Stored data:
------------------------------------------------

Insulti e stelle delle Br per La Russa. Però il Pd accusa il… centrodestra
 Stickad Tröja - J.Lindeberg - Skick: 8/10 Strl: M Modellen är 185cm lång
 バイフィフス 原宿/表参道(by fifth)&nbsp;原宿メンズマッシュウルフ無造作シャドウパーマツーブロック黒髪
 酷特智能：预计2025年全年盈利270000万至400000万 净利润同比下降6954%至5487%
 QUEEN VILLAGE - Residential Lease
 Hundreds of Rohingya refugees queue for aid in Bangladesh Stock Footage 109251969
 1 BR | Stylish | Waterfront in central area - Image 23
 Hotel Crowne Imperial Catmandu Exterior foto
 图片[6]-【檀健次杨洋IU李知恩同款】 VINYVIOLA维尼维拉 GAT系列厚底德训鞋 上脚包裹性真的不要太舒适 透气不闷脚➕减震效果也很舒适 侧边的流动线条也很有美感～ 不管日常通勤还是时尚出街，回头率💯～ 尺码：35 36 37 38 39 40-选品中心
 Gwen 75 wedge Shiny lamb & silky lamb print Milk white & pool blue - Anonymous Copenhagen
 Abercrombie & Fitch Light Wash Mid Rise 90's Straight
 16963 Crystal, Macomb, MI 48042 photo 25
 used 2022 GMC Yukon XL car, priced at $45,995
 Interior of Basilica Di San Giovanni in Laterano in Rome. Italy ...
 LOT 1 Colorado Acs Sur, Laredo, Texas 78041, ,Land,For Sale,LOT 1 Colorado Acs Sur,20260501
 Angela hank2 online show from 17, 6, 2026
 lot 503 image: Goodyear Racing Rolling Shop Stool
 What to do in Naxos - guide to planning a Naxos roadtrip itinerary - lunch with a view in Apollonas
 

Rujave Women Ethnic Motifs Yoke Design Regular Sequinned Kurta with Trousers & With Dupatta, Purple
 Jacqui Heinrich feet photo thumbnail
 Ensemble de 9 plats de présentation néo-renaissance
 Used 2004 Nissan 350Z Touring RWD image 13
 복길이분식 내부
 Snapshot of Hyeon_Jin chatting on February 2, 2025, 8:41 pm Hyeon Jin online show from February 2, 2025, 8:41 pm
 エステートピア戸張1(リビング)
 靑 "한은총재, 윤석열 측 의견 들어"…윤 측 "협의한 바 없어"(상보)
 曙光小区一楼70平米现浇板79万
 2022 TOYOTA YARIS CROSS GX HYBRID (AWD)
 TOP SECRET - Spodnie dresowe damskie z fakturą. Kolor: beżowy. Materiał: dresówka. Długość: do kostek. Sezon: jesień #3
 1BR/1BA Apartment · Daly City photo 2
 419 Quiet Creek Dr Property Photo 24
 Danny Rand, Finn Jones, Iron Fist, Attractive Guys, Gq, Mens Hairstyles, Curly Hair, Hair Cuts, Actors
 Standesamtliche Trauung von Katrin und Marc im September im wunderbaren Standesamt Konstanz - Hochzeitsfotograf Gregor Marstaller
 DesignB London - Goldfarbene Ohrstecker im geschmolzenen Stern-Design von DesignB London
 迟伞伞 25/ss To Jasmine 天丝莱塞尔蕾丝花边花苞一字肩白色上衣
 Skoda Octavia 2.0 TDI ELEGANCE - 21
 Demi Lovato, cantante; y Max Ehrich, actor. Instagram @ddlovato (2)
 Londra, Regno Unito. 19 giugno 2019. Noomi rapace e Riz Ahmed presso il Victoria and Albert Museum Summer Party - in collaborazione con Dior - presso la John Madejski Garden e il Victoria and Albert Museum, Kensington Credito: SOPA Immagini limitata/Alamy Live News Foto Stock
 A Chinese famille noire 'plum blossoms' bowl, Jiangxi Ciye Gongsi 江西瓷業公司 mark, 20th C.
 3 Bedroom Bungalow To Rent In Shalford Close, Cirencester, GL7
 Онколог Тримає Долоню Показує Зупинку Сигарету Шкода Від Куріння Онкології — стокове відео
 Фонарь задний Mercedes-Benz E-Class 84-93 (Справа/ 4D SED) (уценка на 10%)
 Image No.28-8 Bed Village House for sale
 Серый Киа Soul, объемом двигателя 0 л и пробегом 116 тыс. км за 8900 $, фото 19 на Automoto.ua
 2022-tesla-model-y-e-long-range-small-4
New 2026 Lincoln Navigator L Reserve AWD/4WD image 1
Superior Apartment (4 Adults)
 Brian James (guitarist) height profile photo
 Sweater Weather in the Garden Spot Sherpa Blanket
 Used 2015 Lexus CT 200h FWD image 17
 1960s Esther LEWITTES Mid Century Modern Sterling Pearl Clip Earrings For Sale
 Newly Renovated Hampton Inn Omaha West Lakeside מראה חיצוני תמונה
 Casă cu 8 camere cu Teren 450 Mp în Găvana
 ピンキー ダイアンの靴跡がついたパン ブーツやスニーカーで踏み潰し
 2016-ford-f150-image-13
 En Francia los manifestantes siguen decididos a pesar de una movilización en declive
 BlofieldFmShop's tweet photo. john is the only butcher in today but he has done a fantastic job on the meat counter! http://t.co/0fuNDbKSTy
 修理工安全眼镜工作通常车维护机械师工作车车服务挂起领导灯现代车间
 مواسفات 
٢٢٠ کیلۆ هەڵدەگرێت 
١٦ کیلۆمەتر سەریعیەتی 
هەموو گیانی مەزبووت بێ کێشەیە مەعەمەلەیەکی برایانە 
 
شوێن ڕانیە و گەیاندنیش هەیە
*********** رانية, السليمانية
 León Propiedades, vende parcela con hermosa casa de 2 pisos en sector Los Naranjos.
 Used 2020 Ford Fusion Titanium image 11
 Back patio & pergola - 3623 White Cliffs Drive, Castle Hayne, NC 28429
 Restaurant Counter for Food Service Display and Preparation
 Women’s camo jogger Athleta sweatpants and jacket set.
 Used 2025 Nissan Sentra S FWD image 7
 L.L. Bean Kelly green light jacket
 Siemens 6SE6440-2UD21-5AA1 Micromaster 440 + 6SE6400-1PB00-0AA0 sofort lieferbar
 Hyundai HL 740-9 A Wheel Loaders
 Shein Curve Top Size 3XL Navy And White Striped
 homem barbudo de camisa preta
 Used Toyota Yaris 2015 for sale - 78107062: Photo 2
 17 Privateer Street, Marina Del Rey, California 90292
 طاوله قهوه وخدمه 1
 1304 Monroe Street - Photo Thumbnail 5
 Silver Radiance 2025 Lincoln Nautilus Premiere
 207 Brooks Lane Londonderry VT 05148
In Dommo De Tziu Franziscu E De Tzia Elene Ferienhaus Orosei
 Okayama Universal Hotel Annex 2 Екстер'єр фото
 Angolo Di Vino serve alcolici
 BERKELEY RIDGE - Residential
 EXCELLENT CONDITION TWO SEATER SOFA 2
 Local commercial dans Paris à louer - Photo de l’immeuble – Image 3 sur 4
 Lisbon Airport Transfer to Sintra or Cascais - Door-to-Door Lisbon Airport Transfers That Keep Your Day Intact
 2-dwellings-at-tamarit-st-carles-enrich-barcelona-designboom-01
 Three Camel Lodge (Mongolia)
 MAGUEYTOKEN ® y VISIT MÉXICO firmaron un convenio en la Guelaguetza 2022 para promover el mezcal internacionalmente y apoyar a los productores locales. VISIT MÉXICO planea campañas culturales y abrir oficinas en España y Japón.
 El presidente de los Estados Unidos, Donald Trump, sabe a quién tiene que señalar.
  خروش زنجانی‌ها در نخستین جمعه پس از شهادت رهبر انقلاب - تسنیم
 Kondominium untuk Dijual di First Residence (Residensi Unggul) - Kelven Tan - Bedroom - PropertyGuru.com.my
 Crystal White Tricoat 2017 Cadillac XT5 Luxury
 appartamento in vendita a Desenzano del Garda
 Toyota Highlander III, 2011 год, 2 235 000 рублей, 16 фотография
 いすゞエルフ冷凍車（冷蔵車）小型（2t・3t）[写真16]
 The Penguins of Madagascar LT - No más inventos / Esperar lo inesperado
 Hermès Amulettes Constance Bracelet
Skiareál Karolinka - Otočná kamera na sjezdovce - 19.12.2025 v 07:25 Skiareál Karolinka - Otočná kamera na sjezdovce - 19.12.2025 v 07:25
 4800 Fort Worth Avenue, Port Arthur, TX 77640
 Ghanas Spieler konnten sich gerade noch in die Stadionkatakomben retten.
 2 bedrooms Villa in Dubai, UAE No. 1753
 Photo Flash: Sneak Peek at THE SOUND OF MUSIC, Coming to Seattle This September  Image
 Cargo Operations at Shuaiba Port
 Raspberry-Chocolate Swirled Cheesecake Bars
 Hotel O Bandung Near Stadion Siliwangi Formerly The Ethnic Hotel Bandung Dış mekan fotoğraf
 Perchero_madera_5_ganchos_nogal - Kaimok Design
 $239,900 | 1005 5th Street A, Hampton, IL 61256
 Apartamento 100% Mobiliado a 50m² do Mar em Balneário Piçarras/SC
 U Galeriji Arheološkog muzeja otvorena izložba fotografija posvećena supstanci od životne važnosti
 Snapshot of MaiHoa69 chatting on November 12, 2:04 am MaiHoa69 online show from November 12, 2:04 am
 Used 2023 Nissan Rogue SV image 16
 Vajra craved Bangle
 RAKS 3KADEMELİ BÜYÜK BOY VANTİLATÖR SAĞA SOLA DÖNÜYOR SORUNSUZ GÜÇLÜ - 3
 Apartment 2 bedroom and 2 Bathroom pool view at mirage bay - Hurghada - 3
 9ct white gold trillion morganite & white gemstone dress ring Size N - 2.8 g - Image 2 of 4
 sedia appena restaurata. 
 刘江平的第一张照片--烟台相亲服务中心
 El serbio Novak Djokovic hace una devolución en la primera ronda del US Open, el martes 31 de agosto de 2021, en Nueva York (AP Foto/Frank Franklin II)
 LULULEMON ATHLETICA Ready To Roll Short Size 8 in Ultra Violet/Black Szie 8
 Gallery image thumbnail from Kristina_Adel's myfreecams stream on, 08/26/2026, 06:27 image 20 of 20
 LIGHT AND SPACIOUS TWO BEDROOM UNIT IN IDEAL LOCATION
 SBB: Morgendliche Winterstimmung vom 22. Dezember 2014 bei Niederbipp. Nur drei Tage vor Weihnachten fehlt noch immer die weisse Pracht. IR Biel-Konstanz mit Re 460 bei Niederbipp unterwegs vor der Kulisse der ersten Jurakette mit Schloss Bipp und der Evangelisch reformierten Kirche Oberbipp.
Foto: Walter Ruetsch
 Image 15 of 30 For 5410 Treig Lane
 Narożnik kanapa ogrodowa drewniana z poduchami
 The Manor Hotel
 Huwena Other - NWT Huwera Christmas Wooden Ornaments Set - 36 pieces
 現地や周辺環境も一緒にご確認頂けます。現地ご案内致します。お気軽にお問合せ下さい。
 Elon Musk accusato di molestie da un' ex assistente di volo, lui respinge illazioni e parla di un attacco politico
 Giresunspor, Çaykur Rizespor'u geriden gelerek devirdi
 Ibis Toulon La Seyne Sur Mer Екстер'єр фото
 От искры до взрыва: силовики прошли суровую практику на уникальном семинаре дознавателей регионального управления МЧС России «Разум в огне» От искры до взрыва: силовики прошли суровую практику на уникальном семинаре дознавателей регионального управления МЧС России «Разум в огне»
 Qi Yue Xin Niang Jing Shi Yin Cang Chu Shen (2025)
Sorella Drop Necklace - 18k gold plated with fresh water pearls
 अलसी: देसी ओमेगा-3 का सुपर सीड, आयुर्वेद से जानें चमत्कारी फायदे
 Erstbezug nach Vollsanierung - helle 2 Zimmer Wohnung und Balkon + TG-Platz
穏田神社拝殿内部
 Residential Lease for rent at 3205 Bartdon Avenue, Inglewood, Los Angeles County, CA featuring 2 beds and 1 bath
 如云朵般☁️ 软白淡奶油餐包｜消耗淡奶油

------------------------------------------------

What the task requires
Which lines in the data above hold the string "view"? Show each one.

Result
 What to do in Naxos - guide to planning a Naxos roadtrip itinerary - lunch with a view in Apollonas
 Apartment 2 bedroom and 2 Bathroom pool view at mirage bay - Hurghada - 3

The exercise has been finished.